Joe’s daughter Donna Nortz agreed.
“He was really passionate about schooling and engineering. He just loved learning,” Donna said. “The independent living facility he was in started offering Spanish lessons. At 93 years old, he signed up. It didn’t matter what it was, he just loved learning.”
Despite working on some of the most well-known Colorado highway projects, Dave said his father rarely touted his achievements.
Siccardi and a group of colleagues with early electronic tools at the Federal Highway Administration.
“He was a public servant who really believed in using the public’s money wisely,” Dave said. “His name is on a plaque up at the Johnson bore of the tunnel, but he talked about his work as ‘we’ built this bridge or ‘we’ built this tunnel.

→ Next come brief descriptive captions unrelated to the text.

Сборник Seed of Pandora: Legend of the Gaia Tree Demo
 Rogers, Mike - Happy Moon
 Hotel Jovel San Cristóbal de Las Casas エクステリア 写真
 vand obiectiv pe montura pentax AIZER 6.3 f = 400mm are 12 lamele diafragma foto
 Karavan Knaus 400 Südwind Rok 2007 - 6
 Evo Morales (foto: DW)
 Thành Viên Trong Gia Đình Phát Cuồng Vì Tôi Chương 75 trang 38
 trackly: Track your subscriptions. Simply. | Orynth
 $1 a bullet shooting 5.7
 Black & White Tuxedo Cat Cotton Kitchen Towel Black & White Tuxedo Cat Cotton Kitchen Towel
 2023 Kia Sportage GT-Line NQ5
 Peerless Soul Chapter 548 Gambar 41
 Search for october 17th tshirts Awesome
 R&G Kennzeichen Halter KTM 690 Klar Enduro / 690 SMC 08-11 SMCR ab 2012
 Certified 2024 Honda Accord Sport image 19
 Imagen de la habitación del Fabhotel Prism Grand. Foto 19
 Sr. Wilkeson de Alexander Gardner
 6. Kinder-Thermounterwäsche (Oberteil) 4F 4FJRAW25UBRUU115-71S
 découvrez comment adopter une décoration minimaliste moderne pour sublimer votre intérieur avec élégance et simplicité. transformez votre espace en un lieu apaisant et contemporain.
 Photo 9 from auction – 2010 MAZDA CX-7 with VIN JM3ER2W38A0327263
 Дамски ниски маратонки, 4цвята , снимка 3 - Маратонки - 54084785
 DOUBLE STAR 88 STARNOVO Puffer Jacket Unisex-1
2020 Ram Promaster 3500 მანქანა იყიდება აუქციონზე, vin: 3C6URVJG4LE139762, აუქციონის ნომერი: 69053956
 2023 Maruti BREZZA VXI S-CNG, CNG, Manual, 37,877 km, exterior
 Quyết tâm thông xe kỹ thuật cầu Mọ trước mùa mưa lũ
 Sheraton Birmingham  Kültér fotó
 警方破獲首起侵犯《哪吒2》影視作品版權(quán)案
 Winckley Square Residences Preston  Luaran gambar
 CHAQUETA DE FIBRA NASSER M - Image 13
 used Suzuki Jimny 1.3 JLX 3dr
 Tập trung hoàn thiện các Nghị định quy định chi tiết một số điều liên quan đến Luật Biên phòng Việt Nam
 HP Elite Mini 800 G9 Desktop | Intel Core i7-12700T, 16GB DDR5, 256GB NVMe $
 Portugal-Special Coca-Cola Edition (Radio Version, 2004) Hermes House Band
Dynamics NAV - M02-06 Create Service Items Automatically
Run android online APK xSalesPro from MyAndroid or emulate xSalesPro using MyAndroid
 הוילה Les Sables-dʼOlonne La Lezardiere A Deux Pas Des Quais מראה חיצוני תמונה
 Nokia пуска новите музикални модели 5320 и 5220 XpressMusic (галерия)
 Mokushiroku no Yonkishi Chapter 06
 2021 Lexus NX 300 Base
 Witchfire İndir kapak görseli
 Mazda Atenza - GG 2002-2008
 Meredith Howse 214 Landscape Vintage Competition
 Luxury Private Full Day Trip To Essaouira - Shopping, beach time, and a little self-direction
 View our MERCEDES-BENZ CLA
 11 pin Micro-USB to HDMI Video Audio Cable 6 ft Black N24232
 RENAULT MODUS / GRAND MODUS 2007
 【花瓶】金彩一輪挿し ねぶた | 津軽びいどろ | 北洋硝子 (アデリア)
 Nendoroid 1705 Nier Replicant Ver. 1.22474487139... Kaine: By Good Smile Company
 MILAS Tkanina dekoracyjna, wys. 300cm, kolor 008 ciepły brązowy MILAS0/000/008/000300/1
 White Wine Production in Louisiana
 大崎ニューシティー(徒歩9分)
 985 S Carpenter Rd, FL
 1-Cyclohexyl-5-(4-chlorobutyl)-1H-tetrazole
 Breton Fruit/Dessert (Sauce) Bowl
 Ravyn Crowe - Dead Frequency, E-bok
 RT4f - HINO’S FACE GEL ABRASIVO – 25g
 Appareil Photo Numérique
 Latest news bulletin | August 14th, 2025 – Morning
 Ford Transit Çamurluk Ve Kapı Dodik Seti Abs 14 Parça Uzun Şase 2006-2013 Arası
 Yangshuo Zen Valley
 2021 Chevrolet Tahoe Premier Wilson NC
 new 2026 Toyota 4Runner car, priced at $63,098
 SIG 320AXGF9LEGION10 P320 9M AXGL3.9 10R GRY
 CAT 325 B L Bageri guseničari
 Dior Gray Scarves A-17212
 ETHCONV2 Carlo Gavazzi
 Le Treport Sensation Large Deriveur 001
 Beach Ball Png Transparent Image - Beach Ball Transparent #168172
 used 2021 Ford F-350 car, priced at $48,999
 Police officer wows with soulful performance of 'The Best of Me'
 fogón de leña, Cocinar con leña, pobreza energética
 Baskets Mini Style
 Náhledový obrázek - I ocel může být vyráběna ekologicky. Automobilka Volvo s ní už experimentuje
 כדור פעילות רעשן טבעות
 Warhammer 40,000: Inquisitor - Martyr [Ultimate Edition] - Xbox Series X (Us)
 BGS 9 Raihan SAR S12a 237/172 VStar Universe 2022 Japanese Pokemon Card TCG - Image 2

It wasn’t about him.”
For Dave and Donna, endowing a scholarship was a way to honor their father and help the next generation of civil engineers.
“We had an opportunity to do something we think he always wanted to do, but there were always other family priorities,” Dave said. “Part of it was also because of COVID. When he passed, we couldn’t have a celebration of his life of any significant size. He would appreciate this.”
As an engineer, Donna said Siccardi was always looking to the future, at the next big project.
“Whenever he achieved a goal, it wasn’t time to sit back and say, ‘Yeah, I did that.’, It was, ‘Look forward at what’s next,’” Donna said. “It’s part of his legacy for future engineers: what’s next. And he was never afraid to say I don’t know, but I will find out.”